[Start of Attachment]
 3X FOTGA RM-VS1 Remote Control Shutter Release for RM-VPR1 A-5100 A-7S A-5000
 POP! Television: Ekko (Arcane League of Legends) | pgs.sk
[End of Attachment]
[Start of Attachment]
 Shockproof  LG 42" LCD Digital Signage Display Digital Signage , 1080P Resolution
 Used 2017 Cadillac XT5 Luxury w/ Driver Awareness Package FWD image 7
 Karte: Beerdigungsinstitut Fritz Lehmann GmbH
[End of Attachment]
WHAT THE TASK REQUIRES => Starting at the line that has "Signage , 1080P Resolution" and ending at the line that has "Karte: Beerdigungsinstitut Fritz", please write out the lines above exactly, leaving out all others.

WRITTEN RESPONSE =>
 Shockproof  LG 42" LCD Digital Signage Display Digital Signage , 1080P Resolution
 Used 2017 Cadillac XT5 Luxury w/ Driver Awareness Package FWD image 7
 Karte: Beerdigungsinstitut Fritz Lehmann GmbH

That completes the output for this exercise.